Intro to Databases
Simply put a database is a collection of structured information generally held and accessed electronically.
Storing data is an important part of many modern applications. This could mean user information, stock availability or your latest social post. It allows us to persist information, which we can later access, manage, update and organise.
This information can be stored in a local database on your personal computer but as the data grows this becomes impractical and counter productive. Nowadays most databases are stored away from local machines in distributed systems, on large servers or the cloud, and accesses via the internet. Some companies still manage their own servers but often they leave it up to to a provider, which comes with many added benefits such as being easier to scale, leaving the maintenance of the servers up to that provider and reduced cost through economies of scale.
Traditionally when we think of databases we often think of tables of data with headers, columns and rows.
This is called a relational database - one where we can define set categories, put the data into established tables and define the relationship between them. Each table will represent a specific 'entity type', for example: users, orders and products. The reason for this is to make sure there is a separation of concerns between tables.
Each table will have:
- Headers known as Attributes
- Rows named Records
- A unique ID called a Key
With a relational database we can place constraints on an attribute to restrict the type of data that we are storing, for example ensuring height is stored as a number and restricting it to be between two realistic figures. We can also put a constraint in place to say if a piece of data is optional or not.
We put constraints in place to ensure that we maintain high quality data which will likely be easier to maintain over time.
The language used for accessing data in a relational database is called SQL.

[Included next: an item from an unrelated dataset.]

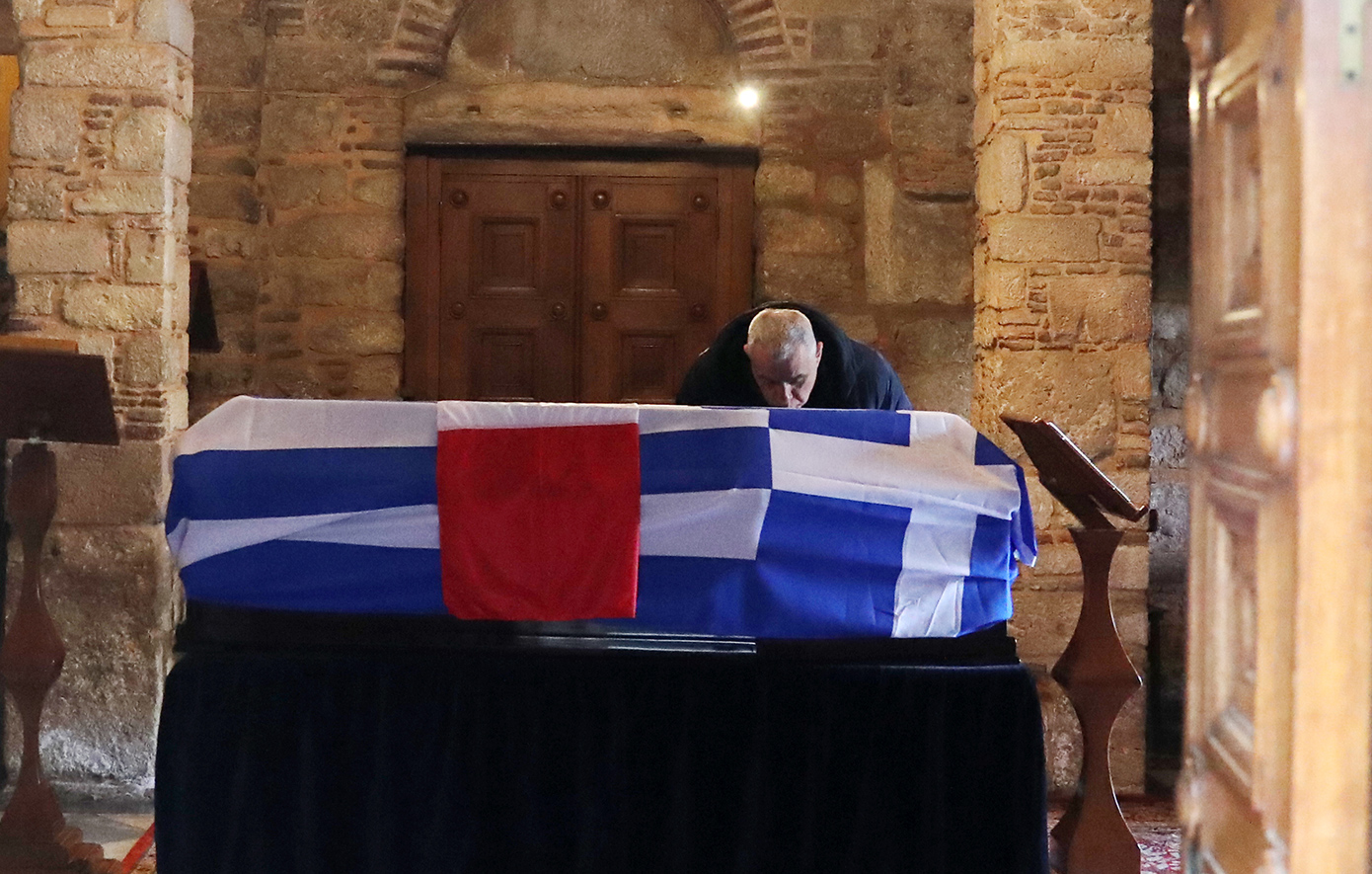 Στη Μητρόπολη Αθηνών το τελευταίο αντίο στη σπουδαία Ελένη Γλύκατζη-Αρβελέρ – Σε λαϊκό προσκύνημα η σορός της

Examples of SQL databases are SQLite, PostgreSQL and MySQL.
Relational databases are very useful if we are certain of the format of the data. However not all data will fit nicely into that kind of structure which has given rise to the non-relational database.

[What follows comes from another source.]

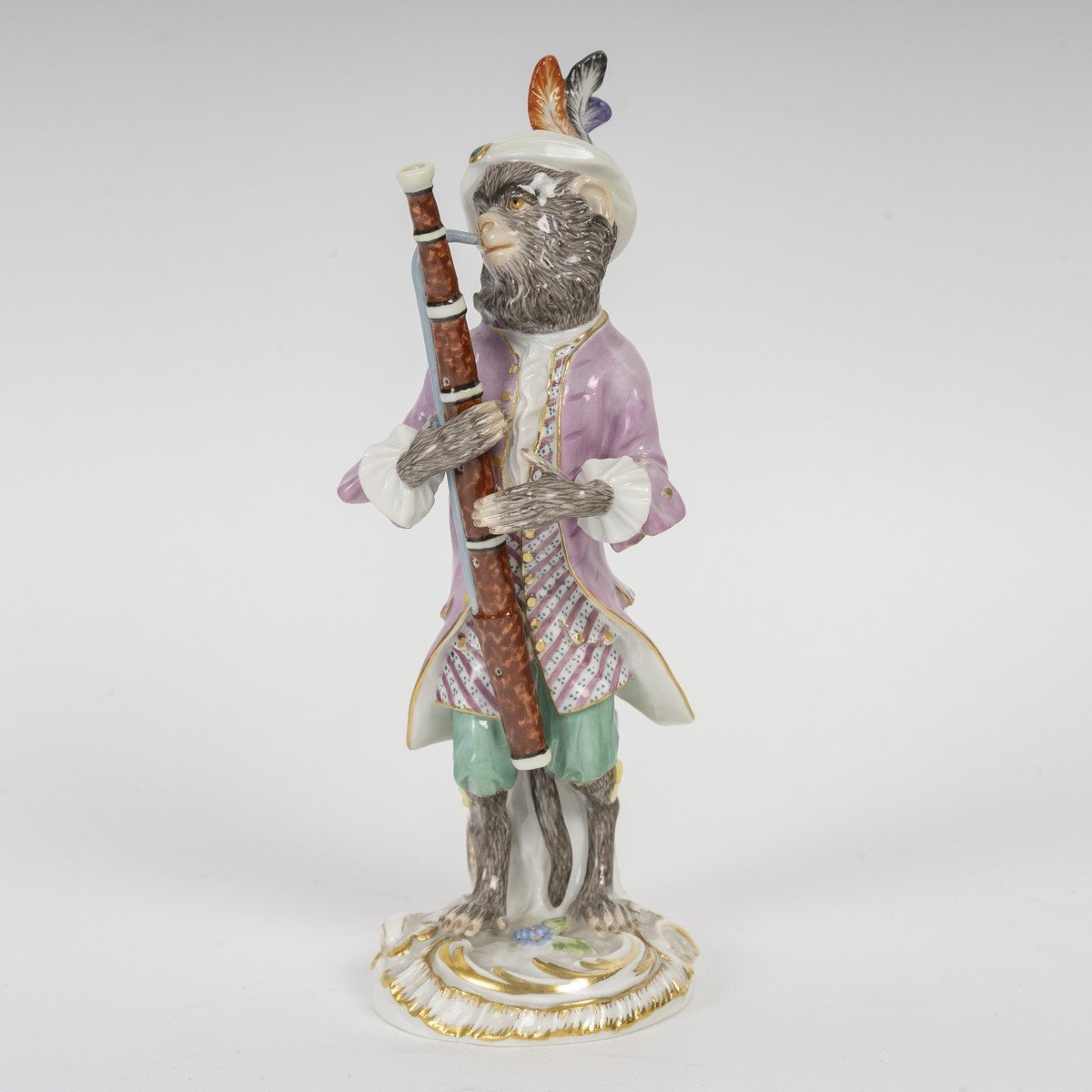 MEISSEN : Singe musicien en porcelaine, le BASSON, XXème siècle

A common type of non-relational database is a document data store, which looks a lot like a JavaScript object, typically stored in JSON. There is no mandatory way that each document is created, allowing for flexibility depending on the data we are storing. Much like a relational database though, each document will have a key so that it can be accessed uniquely.

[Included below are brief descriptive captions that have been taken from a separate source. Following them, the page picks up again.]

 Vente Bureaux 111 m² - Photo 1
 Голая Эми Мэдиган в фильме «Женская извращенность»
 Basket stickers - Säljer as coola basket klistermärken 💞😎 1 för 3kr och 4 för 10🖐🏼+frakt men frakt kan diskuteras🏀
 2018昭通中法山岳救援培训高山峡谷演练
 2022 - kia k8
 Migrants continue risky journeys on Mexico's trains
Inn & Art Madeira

Non-relational databases are often referred to as NoSQL.
Examples of NoSQL databases are MongoDB and CouchDB.
When thinking about scaling, we do so in reference to different axis.
Relational databases are often scaled vertically in the first instance, meaning if we up the power of our hardware we can process and store more data. This would mean upgrading or increasing the CPU, RAM, etc. This can become expensive/unfeasible at a point though.
Non-relational databases are typically horizontally scalable, meaning if we increase the number of servers we can process and store more data. Non-relational databases lend themselves better to this kind of scaling as they are more easily able to be broken up into multiple pieces know as sharding. Relational databases can be broken up but may mean a lot more work for the developers as they will likely be required to write logic to handle the sharding.
Find out more about scale here.
The main pro of a relational database is the structure. We know what to expect in terms of the data and because of this can use more complicated queries than a non-relational database where we are unsure of what is stored within it. As mentioned above we can also set constraints so that when inputing data, we can achieve consistency. SQL databases are best fit for transactional applications.
Non-relational databases are useful for hierarchical data storage and big data as it's easier to scale and unstructured. It's more dynamic than an SQL database when it comes to changing requirements.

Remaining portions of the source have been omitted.